On Fri, Dec 09, 2016 at 11:05:14AM -0800, Joe Perches wrote:
> On Fri, 2016-12-09 at 19:30 +0100, SF Markus Elfring wrote:
> > From: Markus Elfring <elfring@xxxxxxxxxxxxxxxxxxxxx>
> > Date: Fri, 9 Dec 2016 19:09:13 +0100
> >
> > The function "kmalloc" was called in one case by the function "sb_equal"
> > without checking immediately if it failed.
> > This issue was detected by using the Coccinelle software.
> >
> > Perform the desired memory allocation (and release at the end)
> > by a single function call instead.
> >
> > Fixes: 1da177e4c3f41524e886b7f1b8a0c1fc7321cac2 ("Linux-2.6.12-rc2")
>
> Making a change does not mean fixes.
>
> There's nothing particularly _wrong_ with the code as-is.
>
> 2 kmemdup calls might make the code more obvious.
>
> There's a small optimization possible in that only the
> first MB_SB_GENERIC_CONSTANT_WORDS of the struct are
> actually compared. Alloc and copy of both entire structs
> is inefficient and unnecessary.
>
> Perhaps something like the below would be marginally
> better/faster, but the whole thing is dubious.
>
> static int sb_equal(mdp_super_t *sb1, mdp_super_t *sb2)
> {
> int ret;
> void *tmp1, *tmp2;
>
> tmp1 = kmemdup(sb1, MD_SB_GENERIC_CONSTANT_WORDS * sizeof(__u32), GFP_KERNEL);
> tmp2 = kmemdup(sb2, MD_SB_GENERIC_CONSTANT_WORDS * sizeof(__u32), GFP_KERNEL);
>
> if (!tmp1 || !tmp2) {
> ret = 0;
> goto out;
> }
>
> /*
> * nr_disks is not constant
> */
> ((mdp_super_t *)tmp1)->nr_disks = 0;
> ((mdp_super_t *)tmp2)->nr_disks = 0;
>
> ret = memcmp(tmp1, tmp2, MD_SB_GENERIC_CONSTANT_WORDS * sizeof(__u32)) == 0;
>
> out:
> kfree(tmp1);
> kfree(tmp2);
> return ret;
> }

May I politely inquire if either of you has actually bothered to read the
code and figure out what it does? This is grotesque...

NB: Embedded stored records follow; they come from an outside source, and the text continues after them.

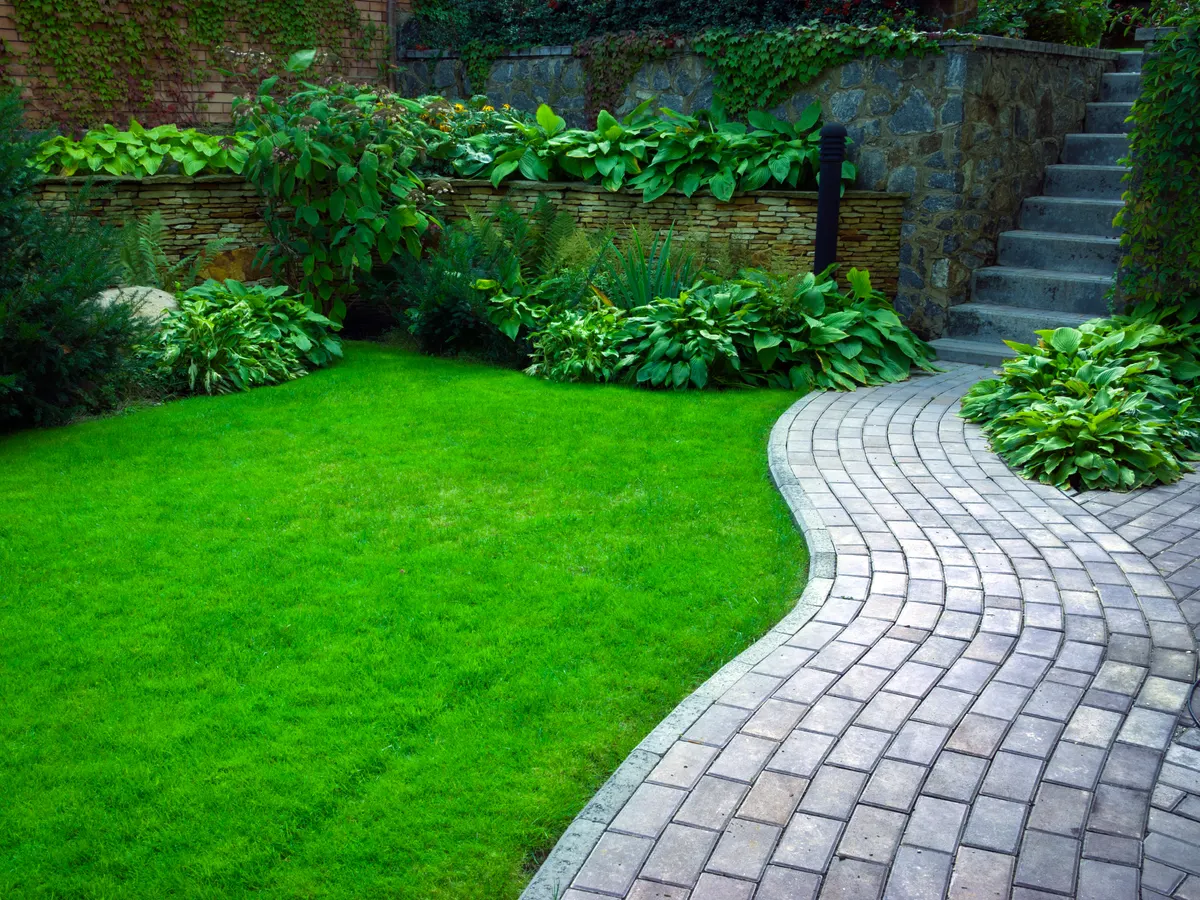Paths steps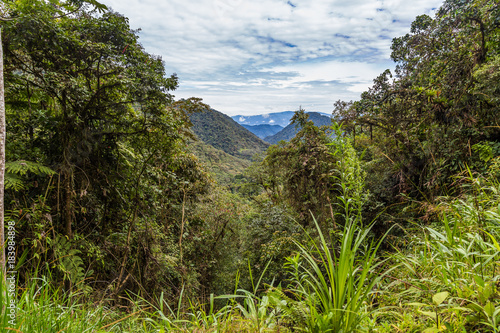 The cloud forest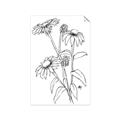 Picture of Daisy Drawing _GroupedProduct_Rectangle_Portrait_Unframed_Print_Only_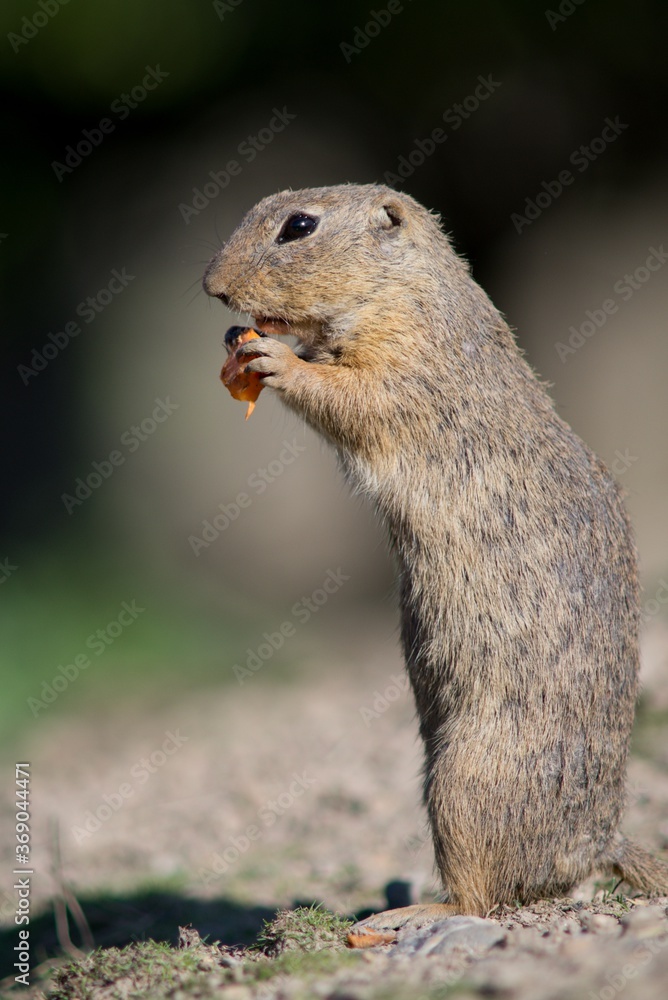 chipmunk on the ground chipmunk on the ground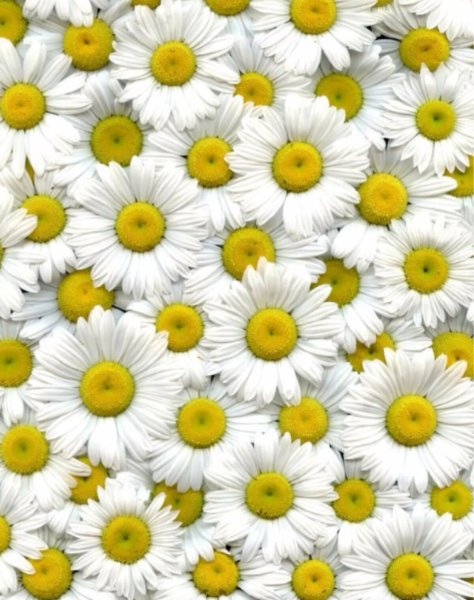 Фон ромашки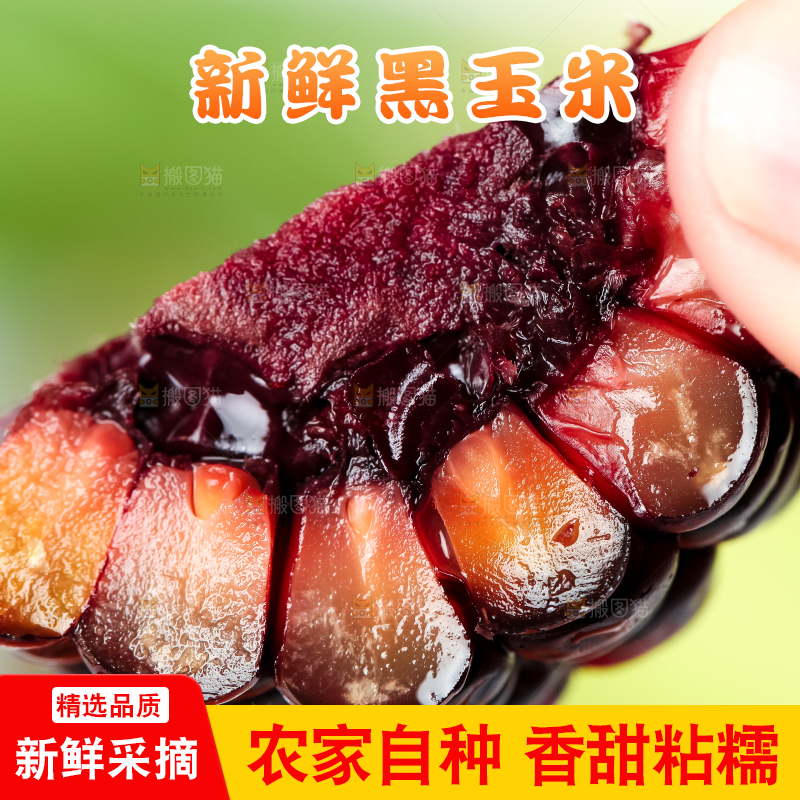 手里拿着黑珍珠玉米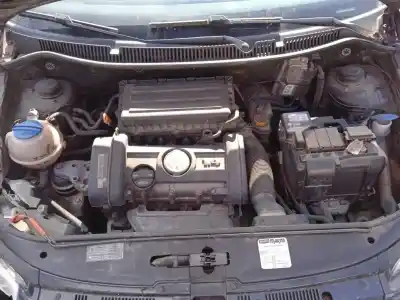 Veicolo di demolizione volkswagen polo (9n3) 1.4 16v dell'anno 2007 alimentato bud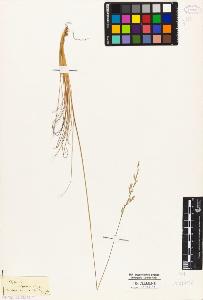 SW_BNB_s3010-04416_IMG-0000000001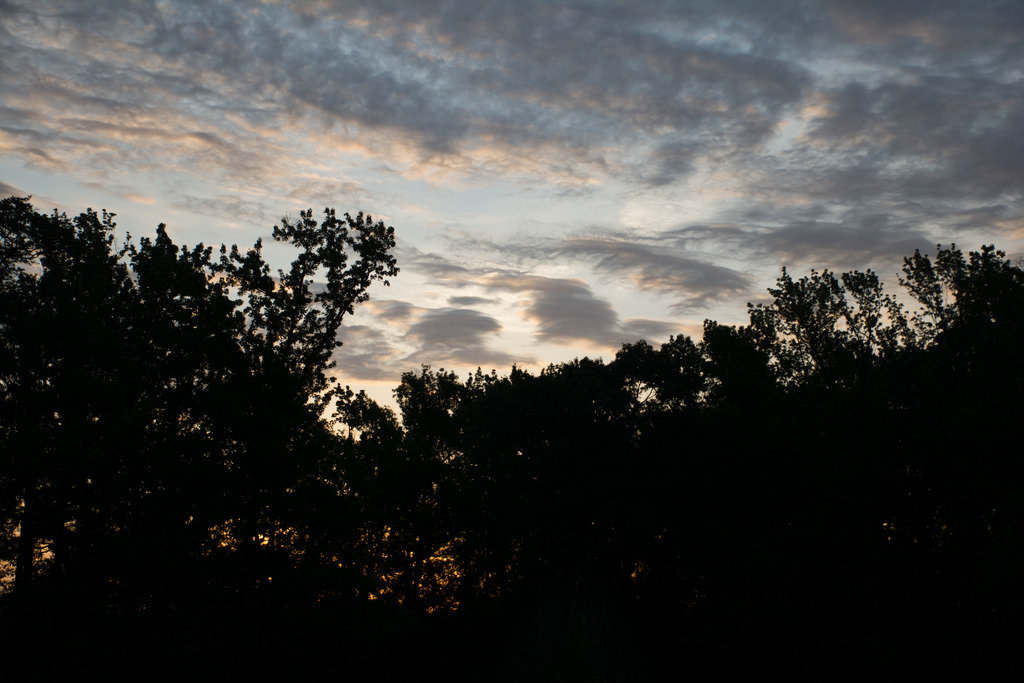 Sunrise%20original_zps1tzot0ea_c899e7565e29eb59b38aa8c19a9bdbb23cf9105d.jpg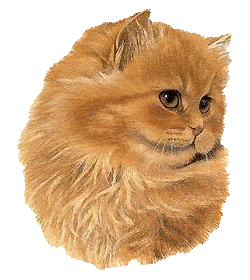 Téléchargez des Images gif animées - Animaux : les Chats - Chaton roux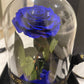 Eternal Rose Glass Dome - Sapphire Blue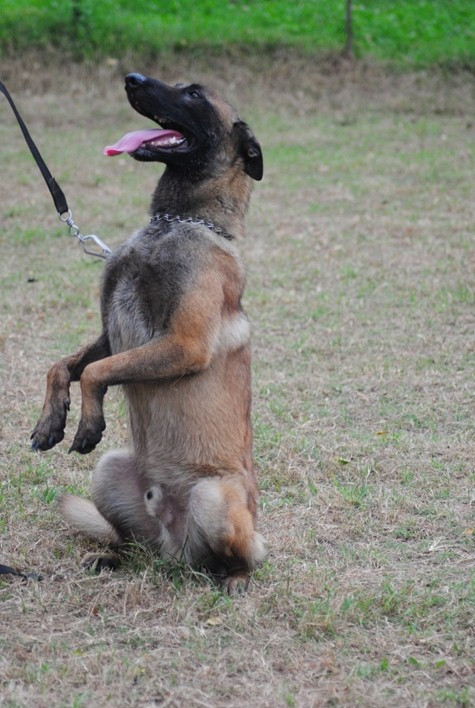 Kiểu chào, cùng việc biết nghe lời chủ là đặc điểm để đánh giá một chú Béc giê đắt giá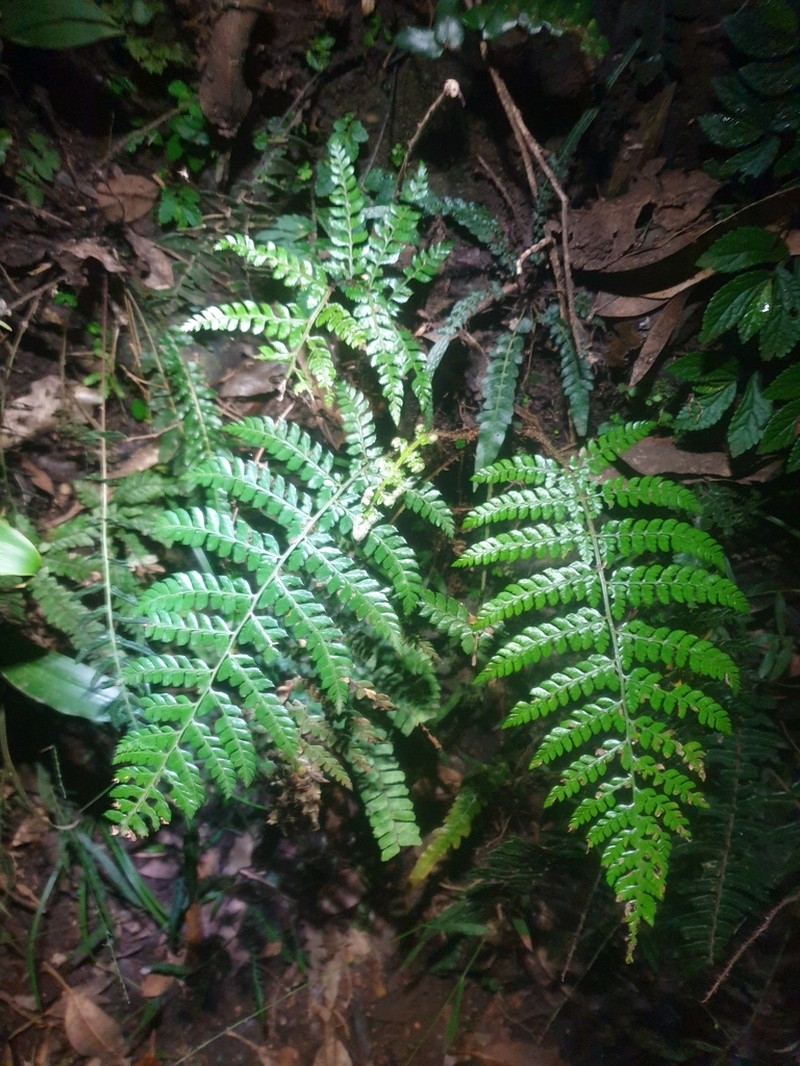 Polystichum formosum photo 2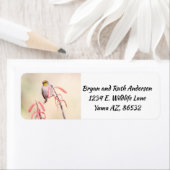 ペンステモンに止まったベルダン ラベル (インサイチュ)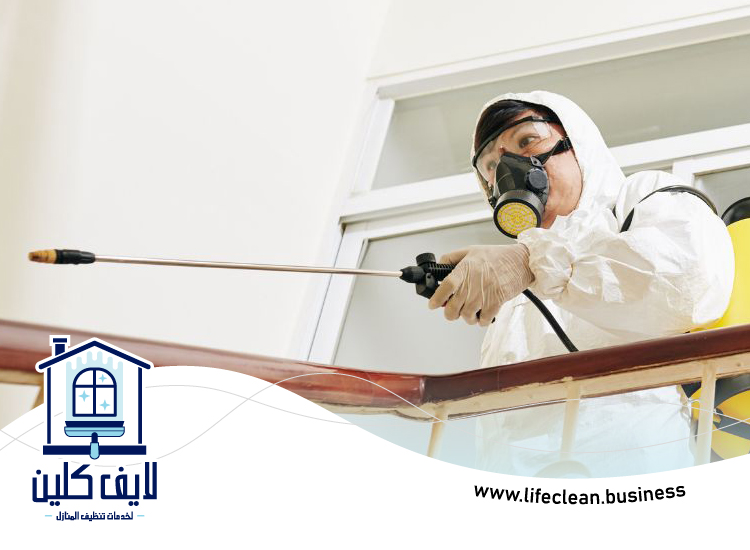 شركة مكافحة بق الفراش في الشارقة 4 شركة مكافحة بق الفراش في الشارقة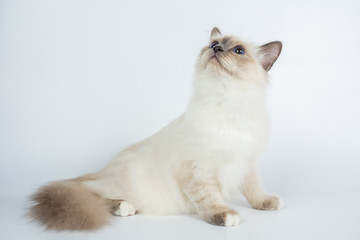 Fototapeta premium Sacred Birman Cat, birma isolated on a white background, studio photo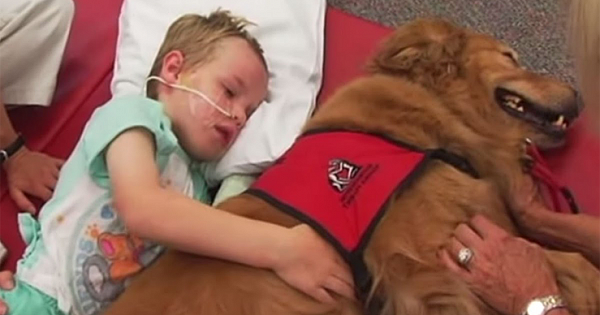They Introduce Their &#039;Lifeless&#039; Son To A Dog. When THIS Happens, I&#039;m Crying!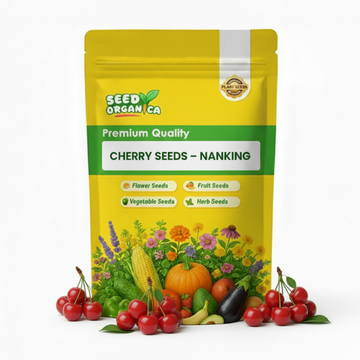 Cherry Seeds – Nanking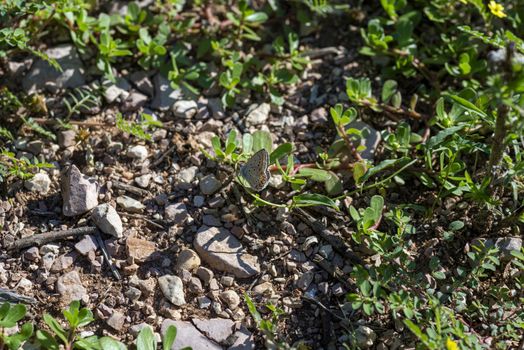 polymmatus iacarus butterfly sitting on the ground very common in fields
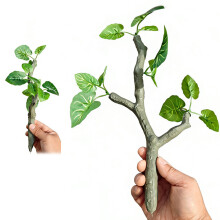 Plante de grotte d'élevage, Terrarium, paysage, plantes-3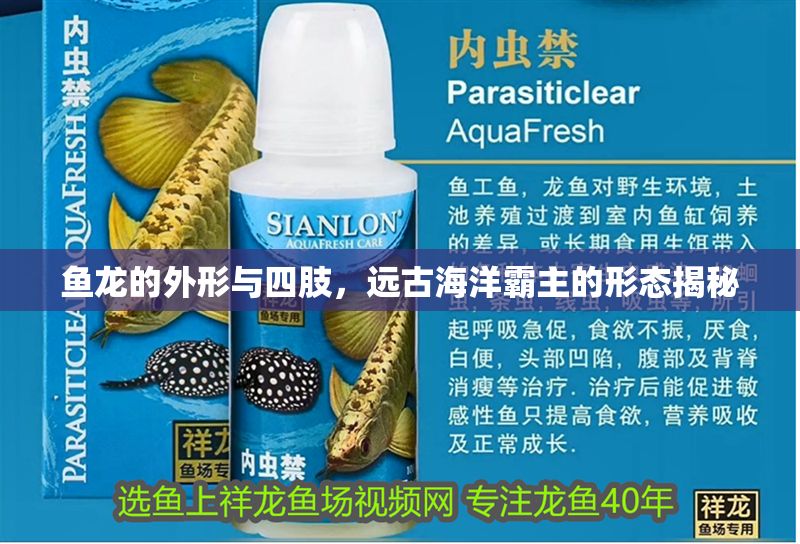 魚(yú)龍的外形與四肢，遠(yuǎn)古海洋霸主的形態(tài)揭秘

For really slow: we have two objects. We want to check if anything in the
128-byte chunks in their beginnings other than one 32bit field happens to be
different. For that we
* allocate two 128-byte pieces of memory
* *copy* our objects into those
* forcibly zero the field in question in both of those copies
* compare the fuckers
* free them

And you two are discussing whether it's better to combine allocations of those
copies into a single 256-byte allocation? Really? _IF_ it is a hot path,
the obvious optimization would be to avoid copying that crap in the first
place - simply by
return memcmp(sb1, sb2, offsetof(mdp_super_t, nr_disks)) ||
memcmp(&sb1->nr_disks + 1, &sb2->nr_disks + 1,
MD_SB_GENERIC_CONSTANT_WORDS * sizeof(__u32) -
offsetof(mdp_super_t, nr_disks) - 4);
If it is _not_ a hot path, why bother with it at all?